● What is required
Without any pictures, print the lines below from the one that has "Jining Vote Machinery" through the one that has "Święto Niepodległości w", exactly and nothing else.

● Working data

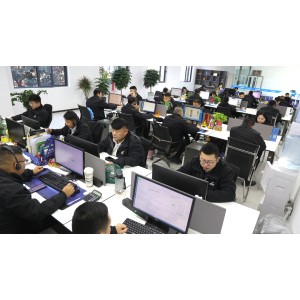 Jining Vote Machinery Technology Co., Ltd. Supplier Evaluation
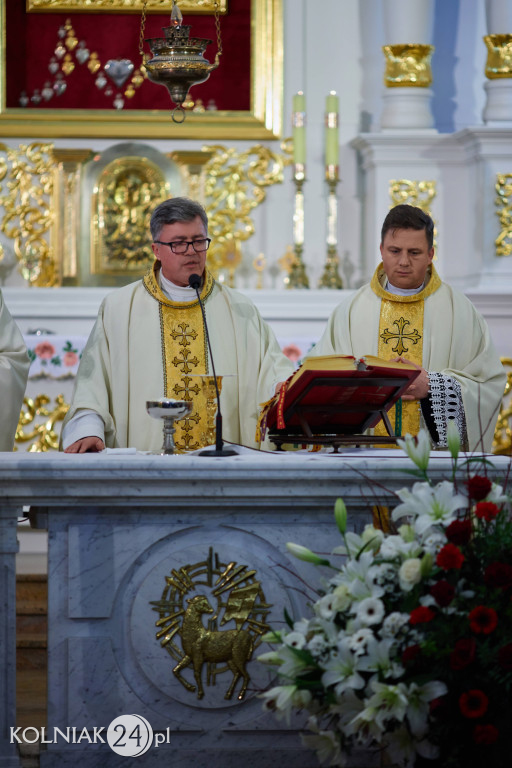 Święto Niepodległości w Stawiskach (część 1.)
...
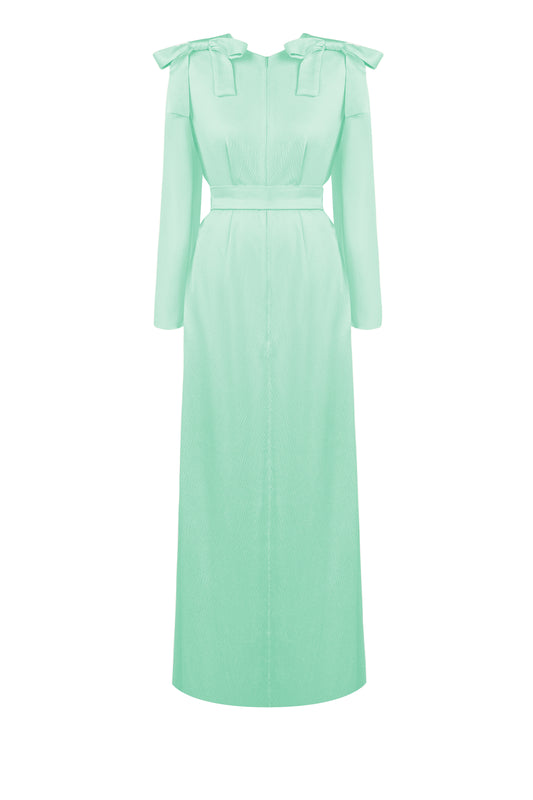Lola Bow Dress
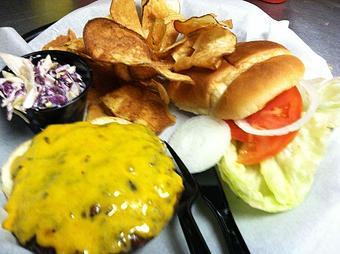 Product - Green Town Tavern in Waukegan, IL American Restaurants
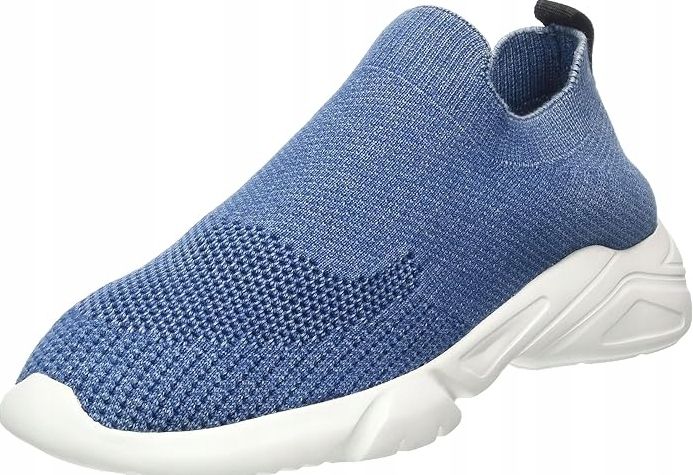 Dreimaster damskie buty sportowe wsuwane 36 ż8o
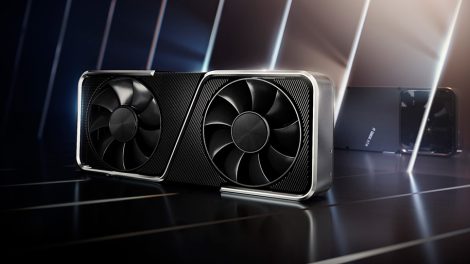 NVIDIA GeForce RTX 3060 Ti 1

● Answer for this exercise
 Jining Vote Machinery Technology Co., Ltd. Supplier Evaluation
 Święto Niepodległości w Stawiskach (część 1.)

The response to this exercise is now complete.